Actor Chris Hemsworth (L) and Academy of Motion Picture Arts and Sciences President Cheryl Boone Isaacs announce the nominees for Best Picture at the 86th Academy Awards nominee announcements in Beverly Hills, California on January 16, 2014. [Photo/Agencies] |
BEVERLY HILLS, Calif - Con-men caper "American Hustle" and space thriller "Gravity" led Oscar nominees on Thursday with 10 nominations each, including best picture, in the race for the world's top film prize.
Slavery drama "12 Years a Slave" received nine nominations, including in the best picture category, in a year crowded with high-quality films.
Those three films will be joined by six others in the best picture competition: "Captain Phillips," "Dallas Buyers Club," "Her," "Nebraska," "Philomena," and "The Wolf of Wall Street."
Members of the Academy of Motion Picture Arts and Sciences may nominate up to 10 films for best picture, but only chose nine this year. A notable exclusion was the Coen Brothers' "Inside Llewyn Davis," which had won some top critics' awards.
The Somali piracy thriller "Captain Phillips," the AIDS activism tale "Dallas Buyers Club," and heartland comedy "Nebraska" each secured six nominations. Director Martin Scorsese's cautionary tale on financial greed, "The Wolf of Wall Street," followed with five, as did the quirky computer-age romance, "Her."
Eight individuals in the acting categories are first-time nominees, including Chiwetel Ejiofor as the free man sold into slavery in "12 Years a Slave." He will compete in the best actor race with Matthew McConaughey, the Golden Globe winner last Sunday for his role as the unlikely AIDS crusader in "Dallas Buyers Club."
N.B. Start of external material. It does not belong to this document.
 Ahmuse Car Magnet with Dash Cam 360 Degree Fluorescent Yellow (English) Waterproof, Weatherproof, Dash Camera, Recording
Meryl Streep extended her lead as the most nominated performer with an 18th nomination, this year for best actress as the matriarch in "August: Osage County." She goes up against fellow Oscar winners Sandra Bullock as the astronaut lost in space in "Gravity" and Cate Blanchett as the riches-to-rags socialite in Woody Allen's "Blue Jasmine."
The Academy will hand out the Oscars at a ceremony hosted by comedian Ellen DeGeneres in Los Angeles on March 2.